The paper, which was founded in 1949 but underwent several rebrandings since, will close after 70 years.
Its managing director Felix Gusti told FMT that a sharp drop in circulation and falling advertisement revenues were among the reasons behind the imminent closure.
“We still have some newsprint and we have to finish that by Dec 31. After that, it will be closed for good, that much I can tell you,” Gusti said.
“I think our competitors, the Borneo Post and Daily Express, are also experiencing the same problems. Although they may have other reasons to continue but we have been operating at a very big deficit every month.
Gusti pointed out the cost to operate was too high even if the paper were to print a smaller number of newspapers.

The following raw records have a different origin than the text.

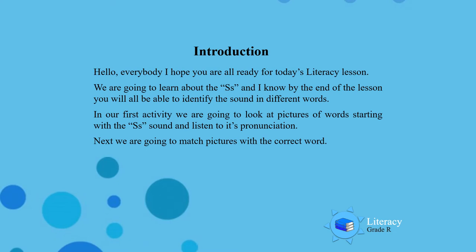Hello everybody, I hope you are all ready for our literacy lesson of today. Today we are going to learn about the S sound and I know by the end of the lesson you will all be able to identify the sound in different words.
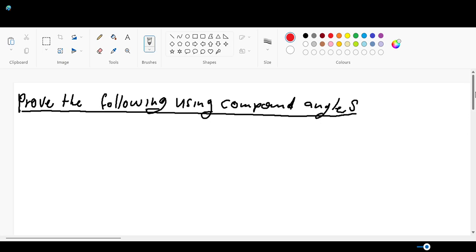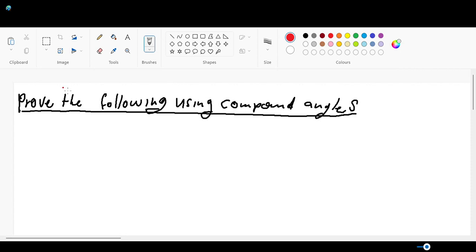Welcome back guys, this is problem number two where we prove the core ratio. In the previous video we proved the 180 rule, now we're gonna prove the core ratio using compound angles. Let me write the problem that we're gonna be proving.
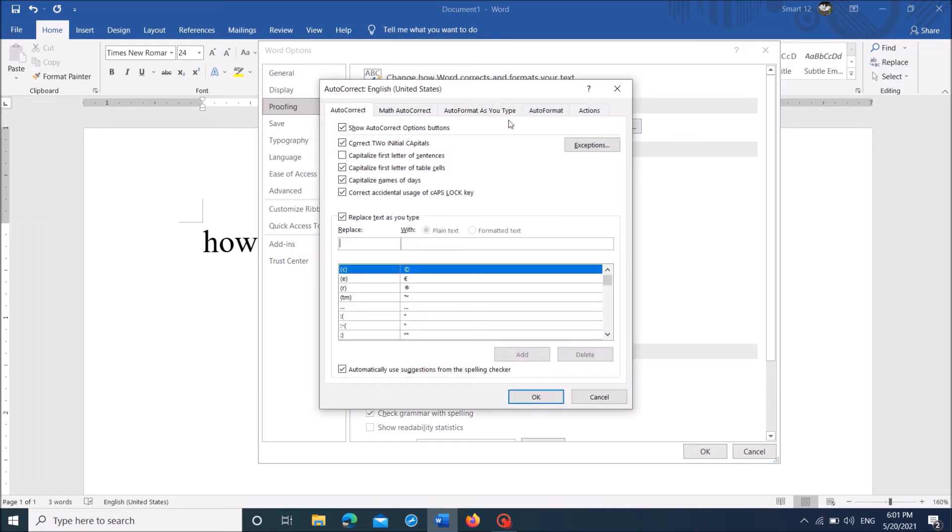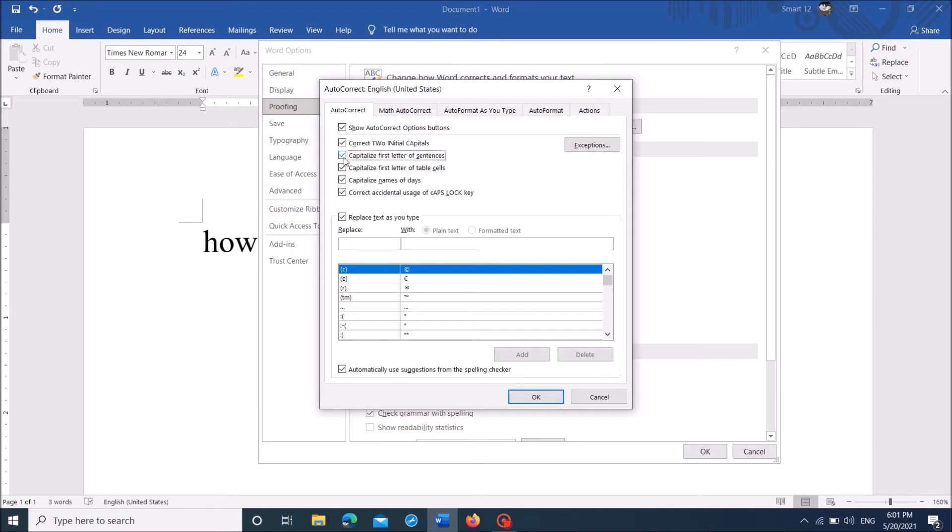Now this window will open. Under the AutoCorrect tab, make sure that the option 'capitalize first letter of sentence' has a check mark. Put a check mark here, then click OK.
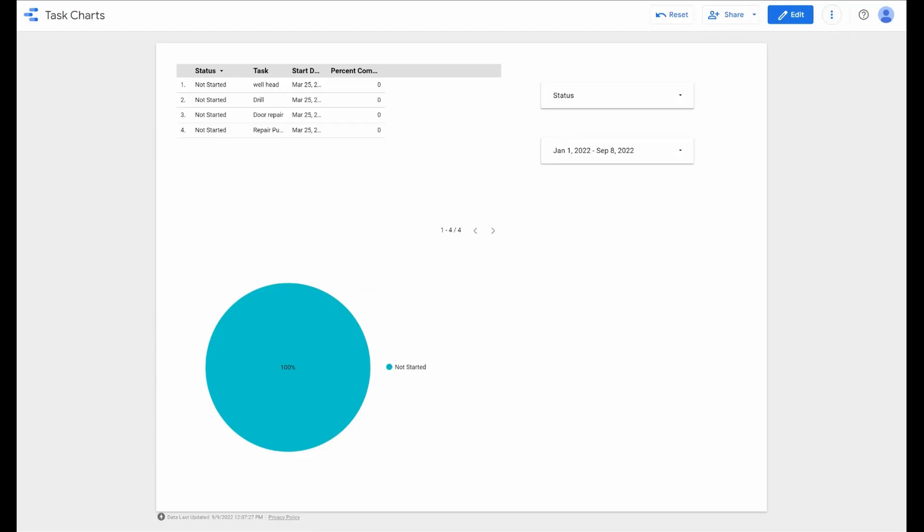The AppSheet team has also posted in the community that there'll be additional deeper levels of Data Studio integration with AppSheet in the future as well. I'd keep a lookout for that. There could be some additional cool stuff coming to make it worthwhile to learn Data Studio, especially if you have a solution that requires some deeper level reporting and more complex analytics that needs to be run on your data.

“In the first place, our circulation has dropped so much. When it drops, that means advertisements also drop. Nobody wants to advertise when the circulation is small,” he said, adding he will be issuing a proper statement after a staff meeting this Thursday.
Gusti is scheduled to speak to some 90 staff from the editorial and non-editorial sections over the course of the day, with outstation workers notified through video conferencing.
He is expected to discuss with the staff the severance procedures, among others.
A staff member, who declined to be named, claimed the management was still divided on whether to go ahead with the closure.
“We heard the management is still 50-50 about the closure. Half of them want it to close but the others still harbour hopes of the paper continuing, or at least keeping the name,” said the source.
The employee also said some are hoping that, instead of the closure, the paper would take a new direction such as having only an online version.
Besides the New Sabah Times, the Daily Express and the Borneo Post are the only two established local-based English dailies still available in the state.
The New Sabah Times also has Malay and Kadazan Dusun sections, which are quite popular among its readers.
Following the fall of the Barisan Nasional (BN) government in the 2018 general election, there was speculation that the paper, which is closely linked to the political outfit, could be closed due to a sharp drop in funding.
Sabah Times was founded by Fuad Stephens, who later went on to become Sabah’s first chief minister.
It was renamed to North Borneo News & Sabah Times as well as Kinabalu Sabah Times before reverting back to Sabah Times. Sabah Times stopped printing in 1995 but was revived three years later as the New Sabah Times.